By Colin Packham
MELBOURNE, Aug 4 (Reuters) - Australian wheat producers are losing market share in Indonesia, its single largest customer and the world's second-biggest wheat importer, as rivals from the Black Sea take advantage of a bumper crop and lower transport costs to undercut prices.
Australia, which sold $1.19 billion ($870 million) of wheat to Indonesia in 2014/15, has traditionally supplied around 60 percent of its near neighbour's imports due to a freight advantage and the reliability of its quality and supply.
But Russia and the Ukraine, which grow more than three times as much wheat as Australia, are aggressively marketing at lower prices, putting a spotlight on Australia's higher output costs and ageing rail network.
Rated as the world's most expensive country to produce wheat, Australia has already lost market share in the Middle East to the Black Sea region and the challenge has shifted to its back yard.

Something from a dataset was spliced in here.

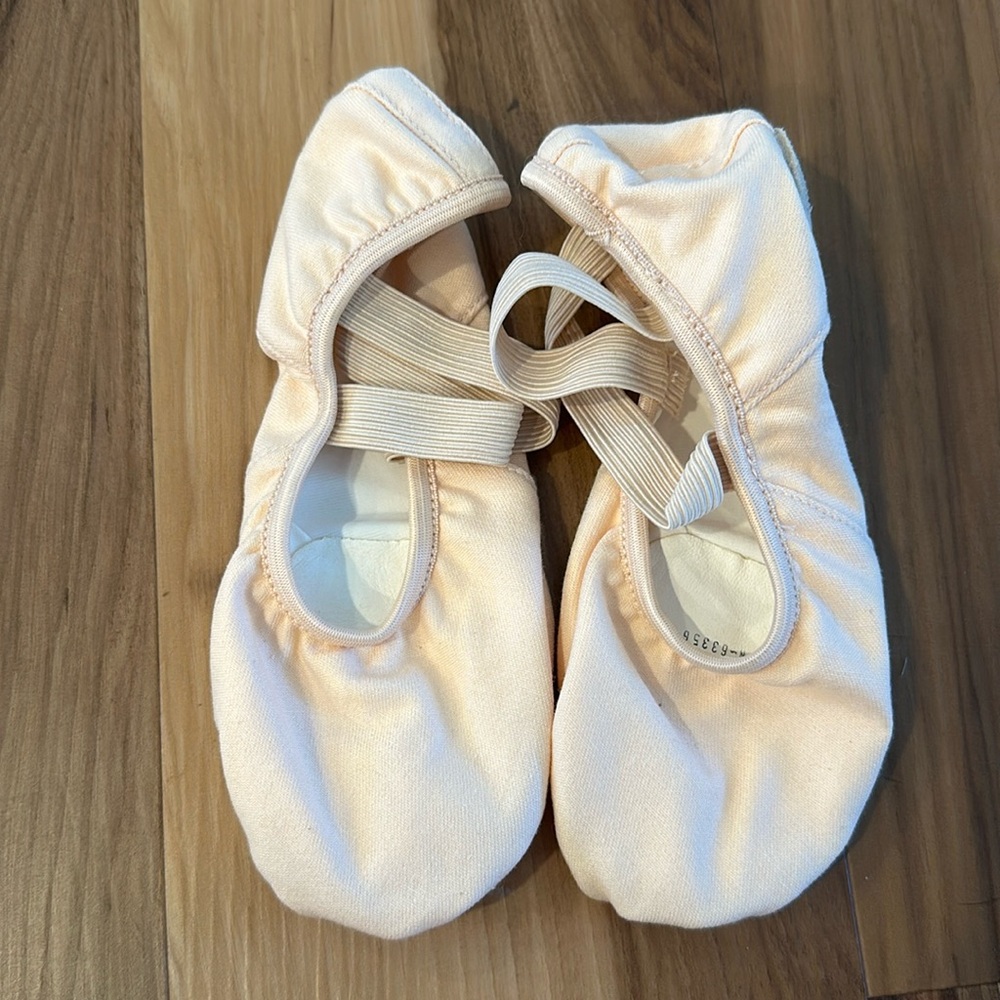 Brand new ballet slippers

"It is now cheaper to ship a tonne of wheat from Odessa into Indonesia than it for us to send a shipment from just west of Swan Hill to our facility in Geelong," said Mark Palmquist, managing director and chief executive of grain handler GrainCorp Ltd GNC.AX .
The 370 km (230 mile) inland journey in the southern state of Victoria compares with an 11,500 km (7,150 mile) 20-day sea voyage from the Black Sea to Jakarta. Australian wheat then faces shipping costs for the 3,000 km journey to Indonesia.

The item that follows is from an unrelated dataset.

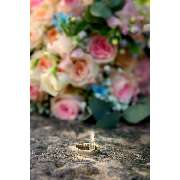 Kai Mischner Photography - GALLERY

Black Sea wheat is being sold at prices as low as $210 a tonne, traders said, more than $30 cheaper than Australian supplies.
The discount in part reflects strong production in Ukraine and Russia, which the U.S. Department of Agriculture (USDA) estimates jumped more than 13 percent to nearly 84 million tonnes last season.

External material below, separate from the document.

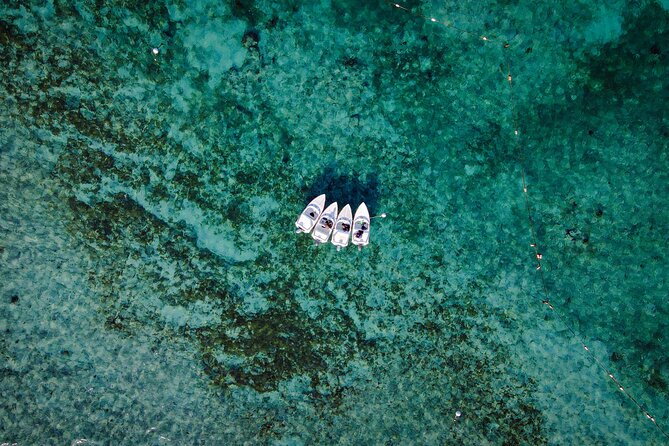 Jungle Tour & Snorkel at Punta Nizuc Reef , Underwater museum - Speed boat to reef, and why this combo works in Cancun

Black Sea wheat exports have increased after Russia removed a ban on shipments related to earlier sanctions against it, and have so far been unaffected by tensions with Ukraine.
Further expansion is underway, helped by an improvement in yields, with Australia's chief commodity forecaster tipping grain production in Ukraine, Russia and Kazakhstan to roughly double to 200 million tonnes by 2019.
At the same time Australia's traditional freight advantage of more than $10 a tonne is being eroded by a fall in global freight rates and spending on new Black Sea infrastructure such as rail lines and ports, driven mostly by foreign investment.
The Black Sea has in the past provided less than 5 percent of Indonesia's imports, due to both concerns about quality, as well as price.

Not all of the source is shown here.